Daily Archives: January 28, 2013

Pride and Prejudice Bicentennial

Today is the 200th anniversary of the publication of British author Jane Austen’s Pride and Prejudice. Generally considered Austen’s most read, most famous, and most popular of her six novels, Austen had already made a name for herself  (albeit an anonymous one) with the 1811 publication of Sense and Sensibility, when she published the story of the independent-minded, impulsive, and playful Elizabeth Bennet and the aloof, wealthy, and socially-awkward Fitzwilliam Darcy in 1813.

PRIDEPREJUDICE

Personally, I consider Pride and Prejudice to be one of Austen’s more lighthearted, comic* and romantic** novels. Austen herself felt it needed more seriousness:

“Upon the whole… I am well satisfied enough. The work is rather too light, and bright, and sparkling; it wants shade; it wants to be stretched out here and there with a long chapter of sense, if it could be had; if not, of solemn specious nonsense, about something unconnected with the story: an essay on writing, a critique on Walter Scott, or the history of Buonaparté, or anything that would form a contrast and bring the reader with increased delight to the playfulness and general epigrammatism of the general style”.
(Letter to her sister, Cassandra, Feb. 4, 1813)

For those who have managed to avoid Jane Austen and her works all these years, Pride and Prejudice is the story of Miss Elizabeth Bennet, a gentleman’s daughter, whose misplaced prejudice conflicts with the haughty and reserved aristocrat, Mr. Fitzwilliam Darcy. The road to love is a mess of misunderstandings, confrontations, and, yes, pride.

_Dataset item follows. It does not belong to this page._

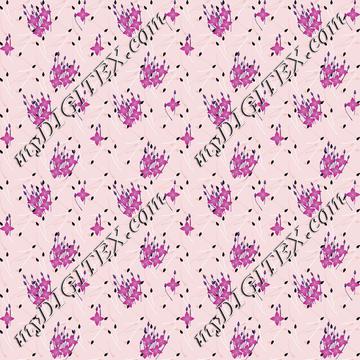 Floral pattern 170423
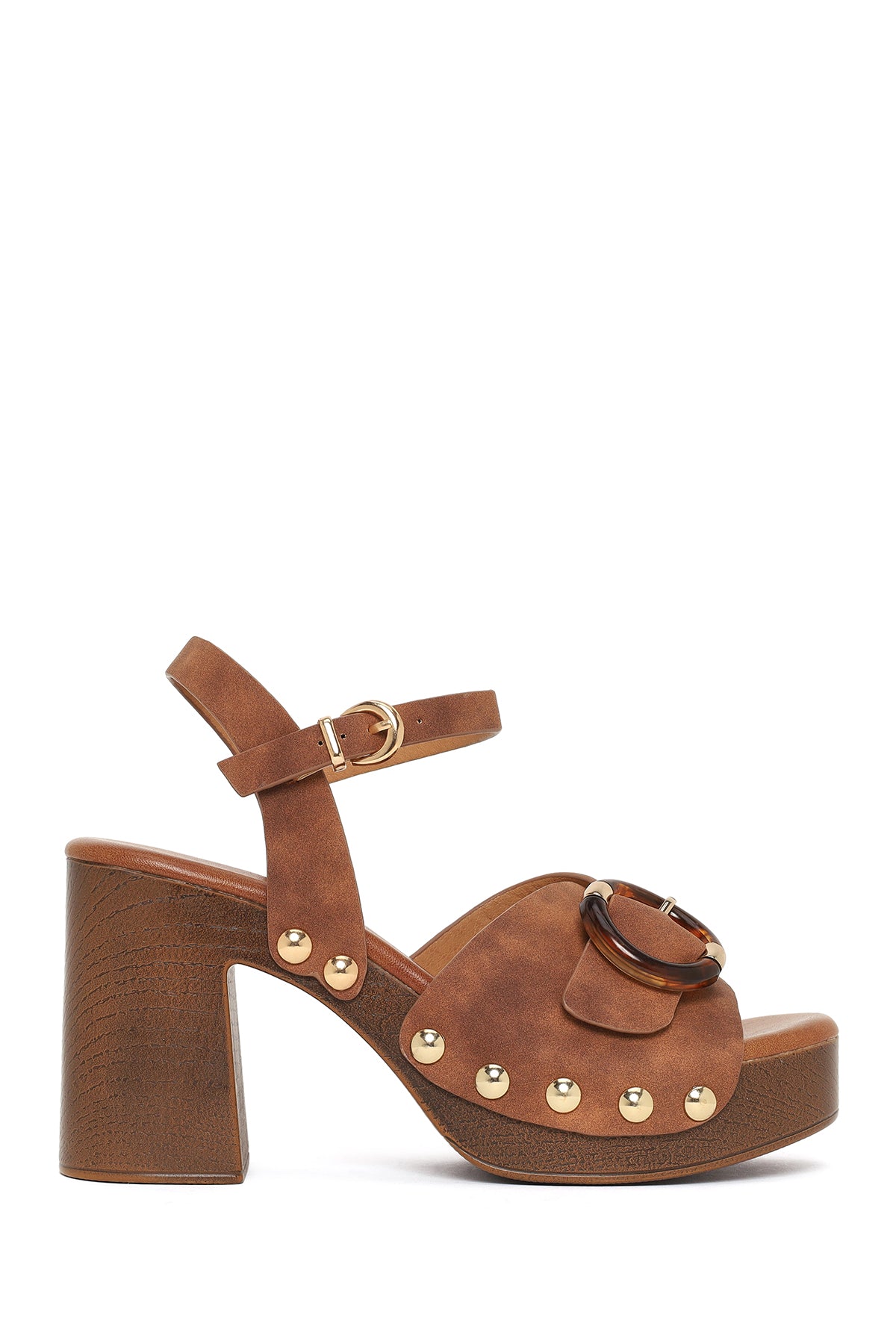 Complete the Look by Purchasing Together!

This novel has some of the wittiest dialogue in the history of the English novel and its first line is one of the most quoted (and quotable) ever:

“It is a truth universally acknowledged, that a single man in possession of a good fortune must be in want of a wife.”

Of course, it continues to inspire countless continuations, sequels, and spin-offs.

The library has many editions of the novel for the student, including annotated, coffee-table editions as well as books on CD, e-book and e-audiobook, Playaway, and of course, DVD. Check out our displays throughout Main library.

And, for those who still can’t get enough, Pittsburgh’s regional chapter of the Jane Austen Society of North America will hold a Jane Austen Festival in March and this year’s national JASNA*** Annual General Meeting in Minneapolis will spotlight Austen’s “own darling child” in September.

~Maria, Austen’s humble servant

*Northanger Abbey is a hilarious parody of the gothic novel & Emma’s antics make for humorous reading.
**Persuasion, about true love lost and found again is, in my opinion, even more romantic.
***The Jane Austen Society of North America.